The entries must be set down again word for word; no pictures belong in the copy.
START RECORDS FOR THIS TASK
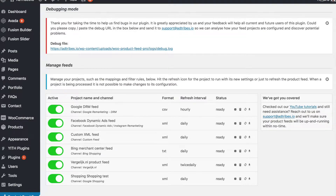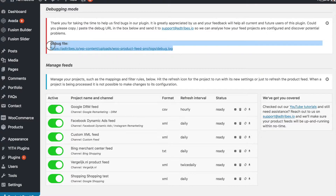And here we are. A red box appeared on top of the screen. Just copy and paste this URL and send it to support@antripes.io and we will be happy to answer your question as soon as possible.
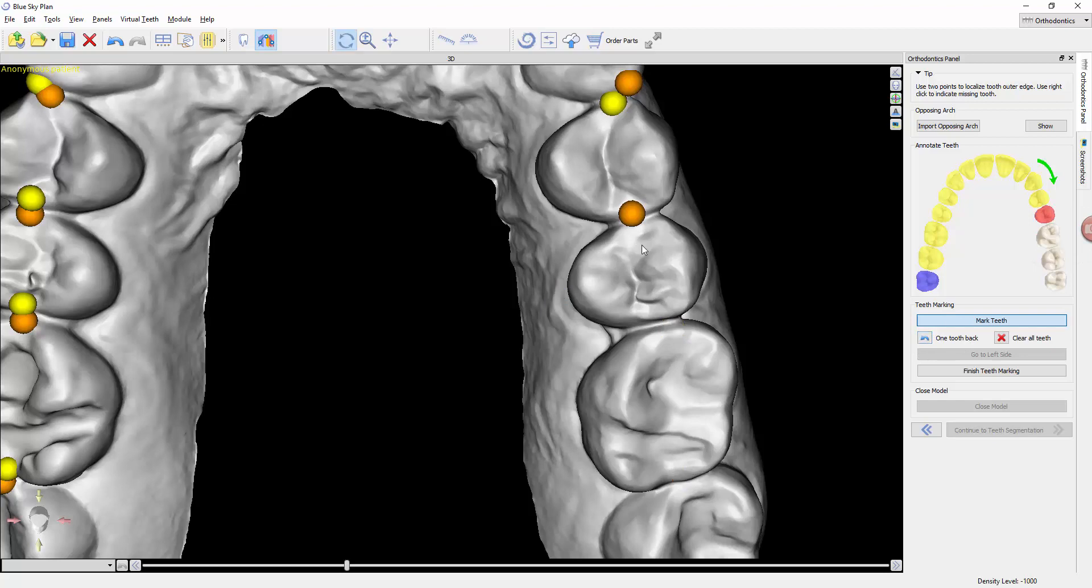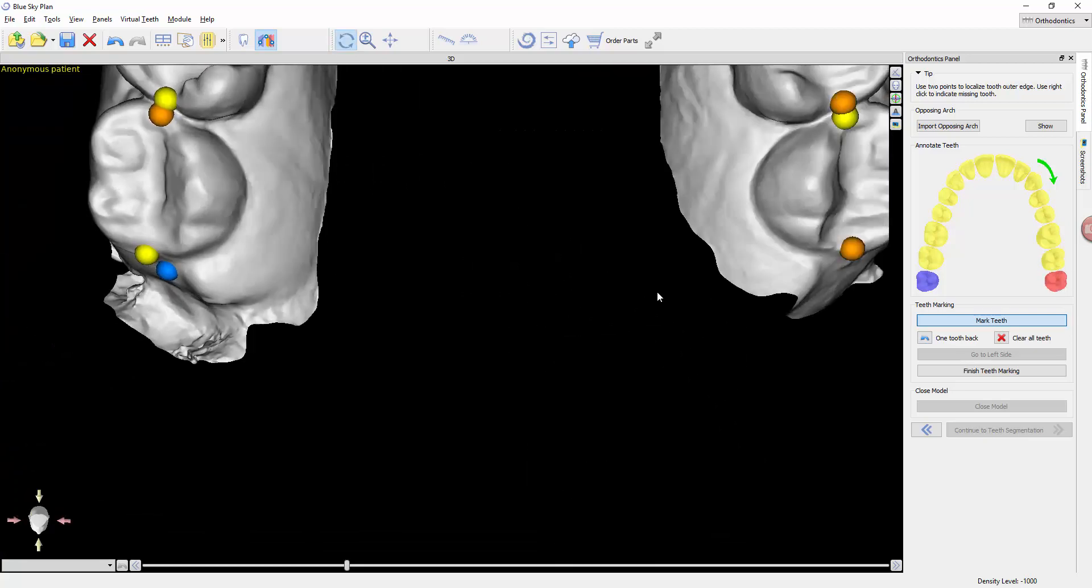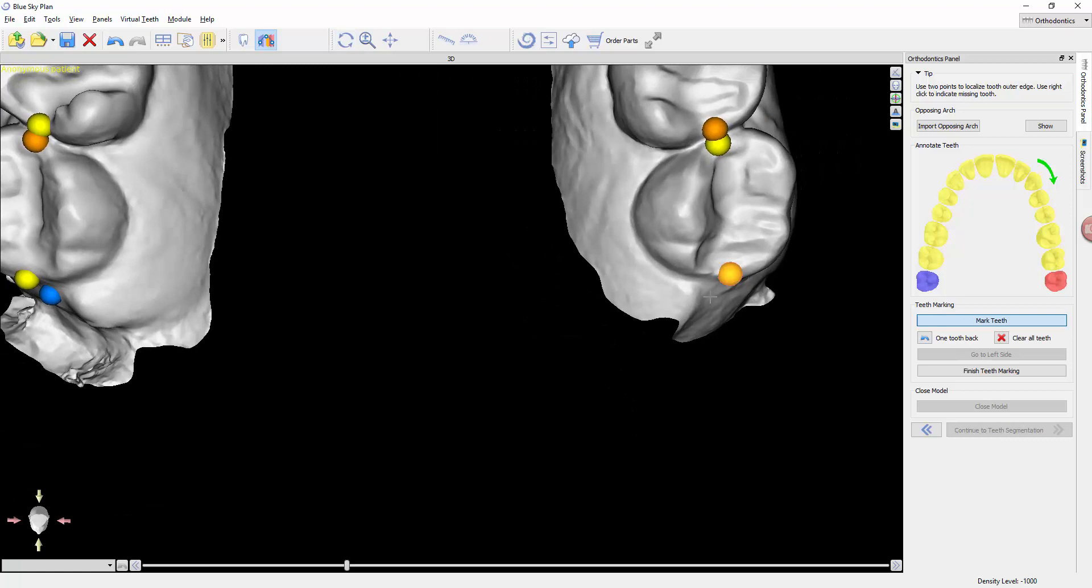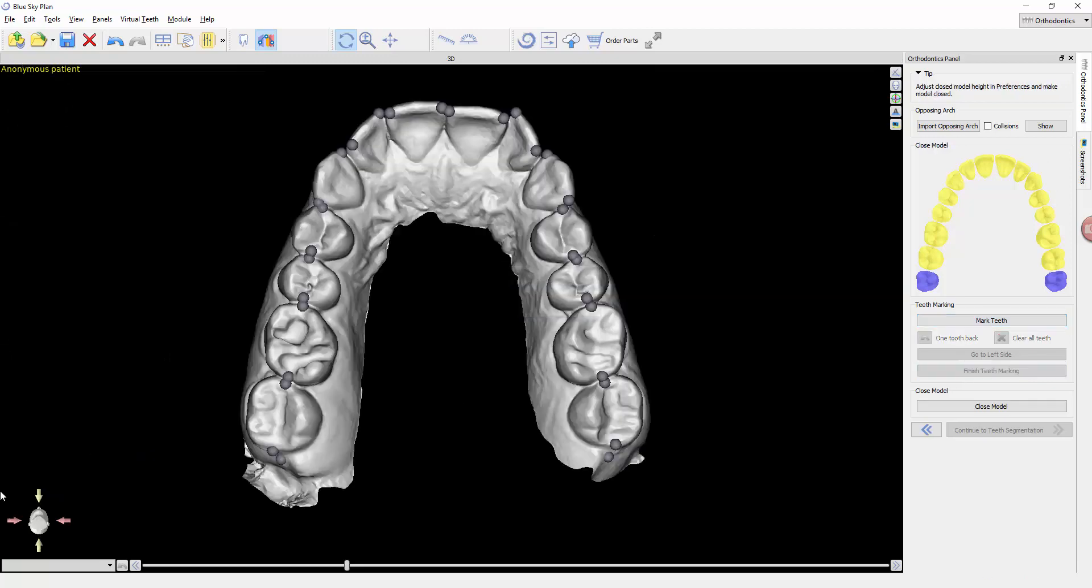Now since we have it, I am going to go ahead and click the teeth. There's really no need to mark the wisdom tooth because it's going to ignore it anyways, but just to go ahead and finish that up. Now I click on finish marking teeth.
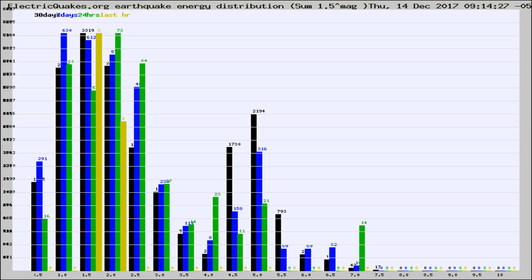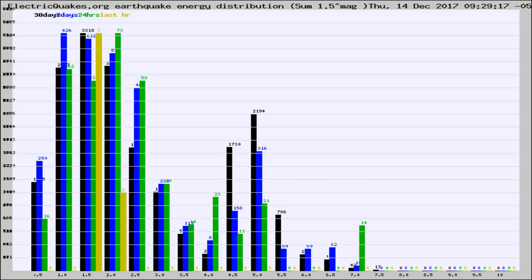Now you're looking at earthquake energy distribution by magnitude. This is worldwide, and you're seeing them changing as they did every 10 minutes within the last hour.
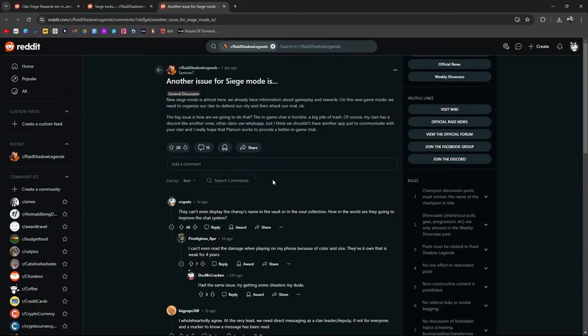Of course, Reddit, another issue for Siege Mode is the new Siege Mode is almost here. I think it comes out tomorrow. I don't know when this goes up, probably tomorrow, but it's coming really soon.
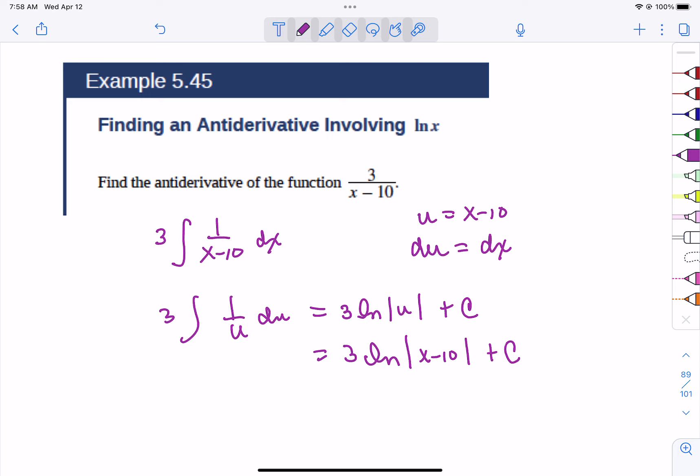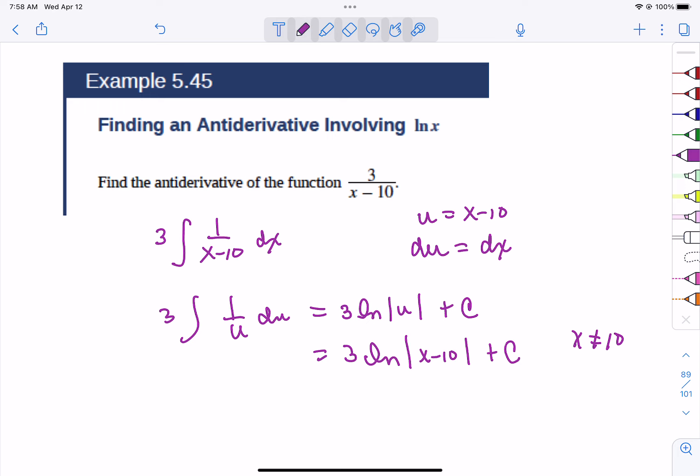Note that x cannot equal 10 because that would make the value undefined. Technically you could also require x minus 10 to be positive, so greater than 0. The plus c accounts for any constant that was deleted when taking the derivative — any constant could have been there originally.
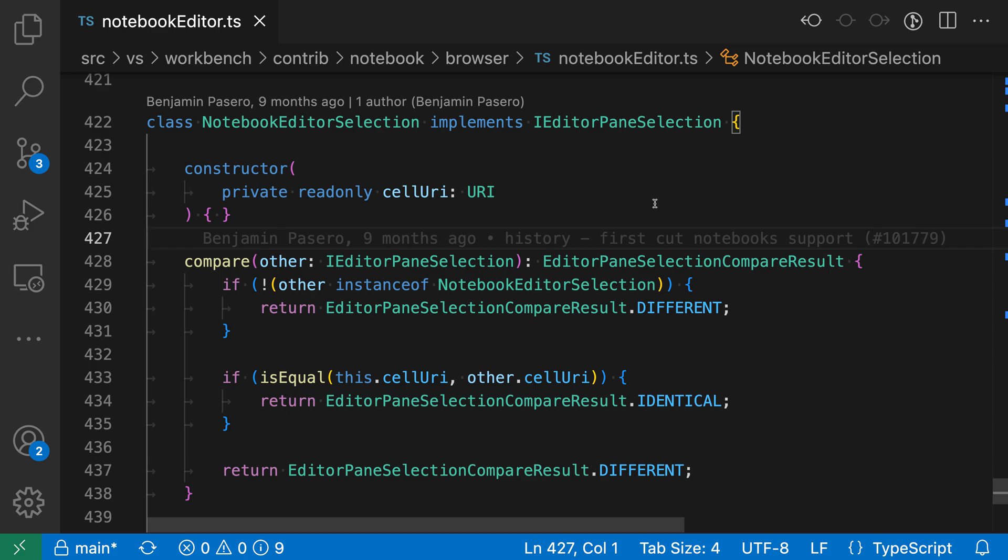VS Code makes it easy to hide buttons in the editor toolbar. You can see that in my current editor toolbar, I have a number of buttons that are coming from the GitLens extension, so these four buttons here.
END RECORDS FOR THIS TASK
**EXERCISE RESPONSE:**
And here we are. A red box appeared on top of the screen. Just copy and paste this URL and send it to support@antripes.io and we will be happy to answer your question as soon as possible.
Now since we have it, I am going to go ahead and click the teeth. There's really no need to mark the wisdom tooth because it's going to ignore it anyways, but just to go ahead and finish that up. Now I click on finish marking teeth.
Now you're looking at earthquake energy distribution by magnitude. This is worldwide, and you're seeing them changing as they did every 10 minutes within the last hour.
Of course, Reddit, another issue for Siege Mode is the new Siege Mode is almost here. I think it comes out tomorrow. I don't know when this goes up, probably tomorrow, but it's coming really soon.
Note that x cannot equal 10 because that would make the value undefined. Technically you could also require x minus 10 to be positive, so greater than 0. The plus c accounts for any constant that was deleted when taking the derivative — any constant could have been there originally.
VS Code makes it easy to hide buttons in the editor toolbar. You can see that in my current editor toolbar, I have a number of buttons that are coming from the GitLens extension, so these four buttons here.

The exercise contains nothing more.